### Try it:
Repeat the listing in full. Nothing may be added or left out.

### Records shown:
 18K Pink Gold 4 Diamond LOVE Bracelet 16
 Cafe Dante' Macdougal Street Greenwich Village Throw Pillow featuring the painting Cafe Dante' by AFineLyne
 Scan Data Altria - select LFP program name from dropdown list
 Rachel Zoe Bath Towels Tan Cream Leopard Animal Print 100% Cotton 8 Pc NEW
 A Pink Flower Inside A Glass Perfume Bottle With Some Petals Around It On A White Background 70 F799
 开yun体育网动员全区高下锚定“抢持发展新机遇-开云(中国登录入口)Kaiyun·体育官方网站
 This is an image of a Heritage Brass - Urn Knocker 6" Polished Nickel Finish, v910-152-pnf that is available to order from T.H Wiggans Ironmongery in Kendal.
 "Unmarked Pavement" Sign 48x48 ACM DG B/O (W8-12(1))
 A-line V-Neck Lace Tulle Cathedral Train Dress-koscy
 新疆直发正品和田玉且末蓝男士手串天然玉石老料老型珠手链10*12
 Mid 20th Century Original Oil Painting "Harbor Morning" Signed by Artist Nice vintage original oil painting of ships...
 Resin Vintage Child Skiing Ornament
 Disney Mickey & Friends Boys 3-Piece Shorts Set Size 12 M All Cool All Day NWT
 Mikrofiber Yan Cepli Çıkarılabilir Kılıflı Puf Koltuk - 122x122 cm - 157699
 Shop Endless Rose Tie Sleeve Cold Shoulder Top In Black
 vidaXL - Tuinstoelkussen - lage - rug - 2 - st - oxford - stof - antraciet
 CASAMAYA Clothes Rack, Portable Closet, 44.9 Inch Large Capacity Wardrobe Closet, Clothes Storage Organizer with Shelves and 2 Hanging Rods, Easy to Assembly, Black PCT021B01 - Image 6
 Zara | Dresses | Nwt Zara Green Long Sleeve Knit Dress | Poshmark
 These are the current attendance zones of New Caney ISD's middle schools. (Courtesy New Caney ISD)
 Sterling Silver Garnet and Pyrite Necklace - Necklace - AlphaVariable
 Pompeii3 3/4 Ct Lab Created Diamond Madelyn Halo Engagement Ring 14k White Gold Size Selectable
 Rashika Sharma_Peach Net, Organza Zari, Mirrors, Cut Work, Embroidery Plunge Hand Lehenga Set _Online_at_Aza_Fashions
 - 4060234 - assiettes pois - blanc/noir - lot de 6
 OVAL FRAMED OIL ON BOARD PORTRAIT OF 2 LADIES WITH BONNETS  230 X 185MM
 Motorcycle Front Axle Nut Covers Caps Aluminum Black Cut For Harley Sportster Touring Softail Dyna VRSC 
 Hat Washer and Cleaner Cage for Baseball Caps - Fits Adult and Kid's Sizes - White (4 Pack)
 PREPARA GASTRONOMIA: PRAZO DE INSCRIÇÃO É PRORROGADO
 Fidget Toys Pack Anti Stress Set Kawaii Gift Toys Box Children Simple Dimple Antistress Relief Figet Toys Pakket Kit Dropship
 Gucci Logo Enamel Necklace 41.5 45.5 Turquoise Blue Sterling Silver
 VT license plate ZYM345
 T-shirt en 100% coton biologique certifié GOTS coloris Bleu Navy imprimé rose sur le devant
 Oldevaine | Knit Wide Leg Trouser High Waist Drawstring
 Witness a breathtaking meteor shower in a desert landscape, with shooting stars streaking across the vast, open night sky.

### Finished exercise:
 18K Pink Gold 4 Diamond LOVE Bracelet 16
 Cafe Dante' Macdougal Street Greenwich Village Throw Pillow featuring the painting Cafe Dante' by AFineLyne
 Scan Data Altria - select LFP program name from dropdown list
 Rachel Zoe Bath Towels Tan Cream Leopard Animal Print 100% Cotton 8 Pc NEW
 A Pink Flower Inside A Glass Perfume Bottle With Some Petals Around It On A White Background 70 F799
 开yun体育网动员全区高下锚定“抢持发展新机遇-开云(中国登录入口)Kaiyun·体育官方网站
 This is an image of a Heritage Brass - Urn Knocker 6" Polished Nickel Finish, v910-152-pnf that is available to order from T.H Wiggans Ironmongery in Kendal.
 "Unmarked Pavement" Sign 48x48 ACM DG B/O (W8-12(1))
 A-line V-Neck Lace Tulle Cathedral Train Dress-koscy
 新疆直发正品和田玉且末蓝男士手串天然玉石老料老型珠手链10*12
 Mid 20th Century Original Oil Painting "Harbor Morning" Signed by Artist Nice vintage original oil painting of ships...
 Resin Vintage Child Skiing Ornament
 Disney Mickey & Friends Boys 3-Piece Shorts Set Size 12 M All Cool All Day NWT
 Mikrofiber Yan Cepli Çıkarılabilir Kılıflı Puf Koltuk - 122x122 cm - 157699
 Shop Endless Rose Tie Sleeve Cold Shoulder Top In Black
 vidaXL - Tuinstoelkussen - lage - rug - 2 - st - oxford - stof - antraciet
 CASAMAYA Clothes Rack, Portable Closet, 44.9 Inch Large Capacity Wardrobe Closet, Clothes Storage Organizer with Shelves and 2 Hanging Rods, Easy to Assembly, Black PCT021B01 - Image 6
 Zara | Dresses | Nwt Zara Green Long Sleeve Knit Dress | Poshmark
 These are the current attendance zones of New Caney ISD's middle schools. (Courtesy New Caney ISD)
 Sterling Silver Garnet and Pyrite Necklace - Necklace - AlphaVariable
 Pompeii3 3/4 Ct Lab Created Diamond Madelyn Halo Engagement Ring 14k White Gold Size Selectable
 Rashika Sharma_Peach Net, Organza Zari, Mirrors, Cut Work, Embroidery Plunge Hand Lehenga Set _Online_at_Aza_Fashions
 - 4060234 - assiettes pois - blanc/noir - lot de 6
 OVAL FRAMED OIL ON BOARD PORTRAIT OF 2 LADIES WITH BONNETS  230 X 185MM
 Motorcycle Front Axle Nut Covers Caps Aluminum Black Cut For Harley Sportster Touring Softail Dyna VRSC 
 Hat Washer and Cleaner Cage for Baseball Caps - Fits Adult and Kid's Sizes - White (4 Pack)
 PREPARA GASTRONOMIA: PRAZO DE INSCRIÇÃO É PRORROGADO
 Fidget Toys Pack Anti Stress Set Kawaii Gift Toys Box Children Simple Dimple Antistress Relief Figet Toys Pakket Kit Dropship
 Gucci Logo Enamel Necklace 41.5 45.5 Turquoise Blue Sterling Silver
 VT license plate ZYM345
 T-shirt en 100% coton biologique certifié GOTS coloris Bleu Navy imprimé rose sur le devant
 Oldevaine | Knit Wide Leg Trouser High Waist Drawstring
 Witness a breathtaking meteor shower in a desert landscape, with shooting stars streaking across the vast, open night sky.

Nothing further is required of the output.